La ministre de la Culture Aurélie Filippetti a dénoncé lundi les pressions exercées contre des bibliothèques par « des mouvements extrémistes ».

« Près d’une trentaine de bibliothèques publiques ont fait l’objet, ces derniers jours, de pressions croissantes de la part de groupuscules fédérés sur internet par des mouvements extrémistes qui en appellent désormais à la lutte contre ce qu’ils appellent les +bibliothèques idéologiques+ », a affirmé la ministre dans un communiqué.

Selon Mme Filippetti, ces groupes « se rendent dans les bibliothèques de lecture publique, exercent des pressions sur les personnels, les somment de se justifier sur leur politique d’acquisition, fouillent dans les rayonnages avec une obsession particulière pour les sections jeunesse, et exigent le retrait de la consultation de tout ouvrage ne correspondant pas à la morale qu’ils prétendent incarner ».
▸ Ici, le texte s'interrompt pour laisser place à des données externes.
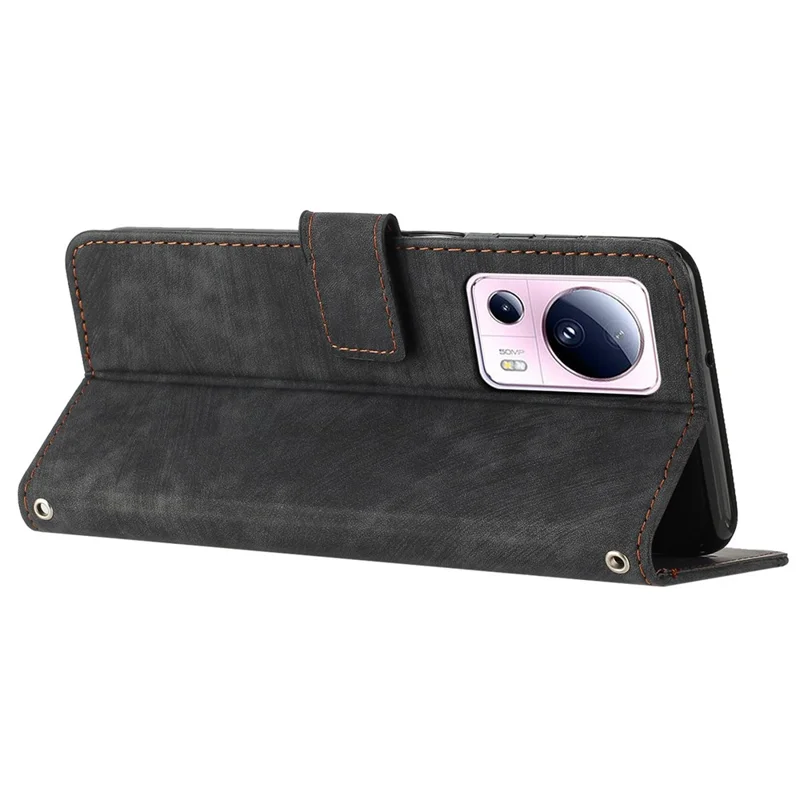 For Xiaomi 13 Lite / Civi 2 5G Wallet Case Skin-touch PU Leather Lines Imprinted Stand Flip Phone Cover - Black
« Ça existe peut-être mais je ne suis pas au courant », a réagi mardi Béatrice Bourges, évoquant simplement des appels téléphoniques.

Ces actions ont notamment visé les villes de Versailles, Rennes, Nantes, Dole, Toulon, Lamballe, Saint-Etienne, Troyes, Le Chesnay, Massy, St-Germain-en-Laye, Andernos-les-Bains, Neuilly-sur-Seine, Mérignac, Tours, Strasbourg, Castelnaudary, Quimperlé, Boulogne-Billancourt, Riom, Clermont-Ferrand, Lyon, Viroflay et Cherbourg, selon une source proche du ministère.
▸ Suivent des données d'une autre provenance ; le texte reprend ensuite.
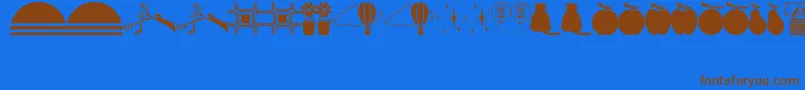 OtherDingsJl-Schriftart – Braune Schriften auf blauem Hintergrund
Le président de l’UMP Jean-François Copé a critiqué dimanche un livre, « Tous à poil », qu’il avait présenté comme recommandé par le Centre national de documentation pédagogique aux enseignants pour les classes primaires. Selon le ministère de l’Education, il s’agissait en fait d’un livre recommandé par une association encourageant la lecture chez les jeunes dans la Drôme et l’Ardèche, reprise par l’académie de Grenoble.
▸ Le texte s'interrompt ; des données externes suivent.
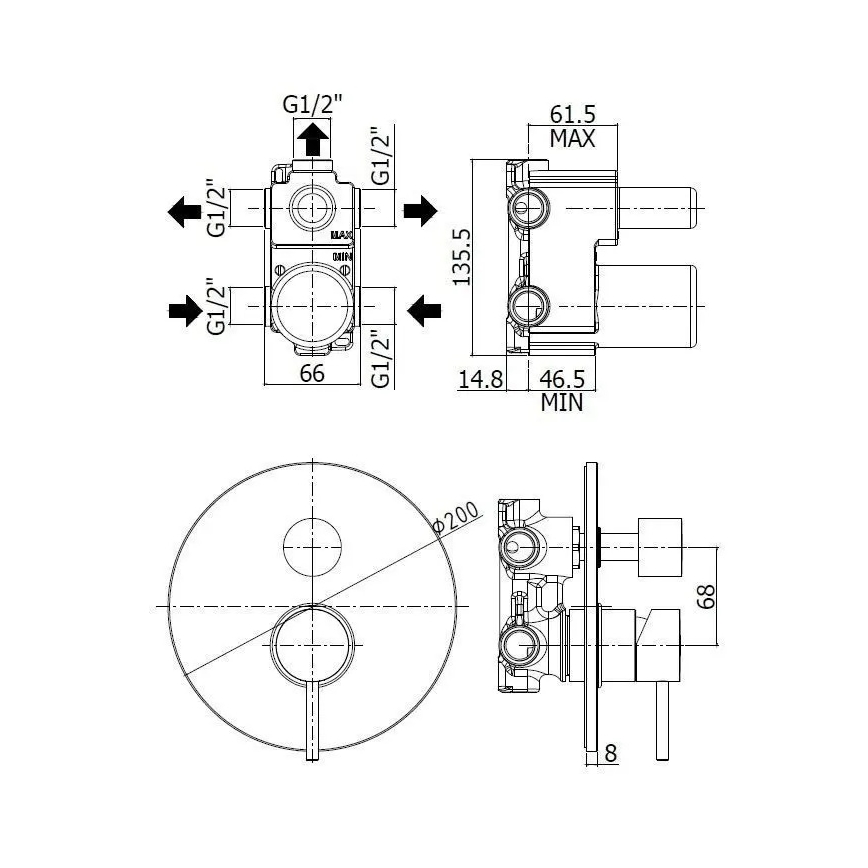 Paffoni - Tuš baterija za podžbuknu ugradnju LIGHT crna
Peillon accuse Copé d’être le porte-parole de groupes extrémistes

Le ministre de l’Education nationale Vincent Peillon accuse Jean-François Copé de se faire «le porte-parole de groupes extrémistes» après la polémique autour du livre pour enfants «Tous à poil» lancée dimanche par le président de l’UMP.

Interrogé dans Libération à paraître mercredi sur les critiques de M. Copé et de Bruno Le Maire, M. Peillon a noté qu’il y avait «deux registres» d’attaques. «L’un, totalement irresponsable, est celui de M. Copé qui se fait le porte-parole de groupes extrémistes. C’est très préoccupant, et je ne crois pas que tous les hommes et les femmes de droite s’y retrouvent», dit-il. «L’autre registre, tout aussi démagogique mais plus subtil, est celui de M. Le Maire: l’école n’apprendrait plus à lire, écrire, compter», juge le ministre.
Lors d’une interview dimanche sur le plateau du Grand Jury (RTL-LCI-Le Figaro), le député-maire de Meaux avait brandi un livre pour enfants qu’il a présenté comme «recommandé aux enseignants» pour les classes primaires et intitulé Tous à poil», se demandant s’il fallait «en sourire». Pour M. Le Maire, les enseignants «sont là pour apprendre à nos enfants à lire, à écrire, à compter, à maîtriser les savoirs fondamentaux», «pas pour faire l’éducation des nos enfants à la place des parents». Selon M. Peillon, «on assiste à une offensive de milieux extrémistes telle qu’on n’en avait pas connue depuis longtemps, contre les valeurs de l’école – la raison, l’égalité, la laïcité».
«Ce qui est paradoxal aujourd’hui, c’est que des dirigeants républicains et prétendument laïcs se joignent à ces attaques. Je pense à Monsieur Copé qui l’a fait à deux reprises, poursuit-il, estimant que «sans doute ces dirigeants font-ils des calculs politiciens à courte vue».
«Leur outil de propagande est le mensonge. Ils mentent sur les ABCD en voulant faire croire qu’on allait apprendre à des petits garçons à s’habiller en petites filles alors qu’il s’agit d’éduquer au respect. Ils mentent quand ils prétendent que l’éducation nationale impose la lecture d’ouvrages recommandés par des associations de parents»,  dénonce t-il.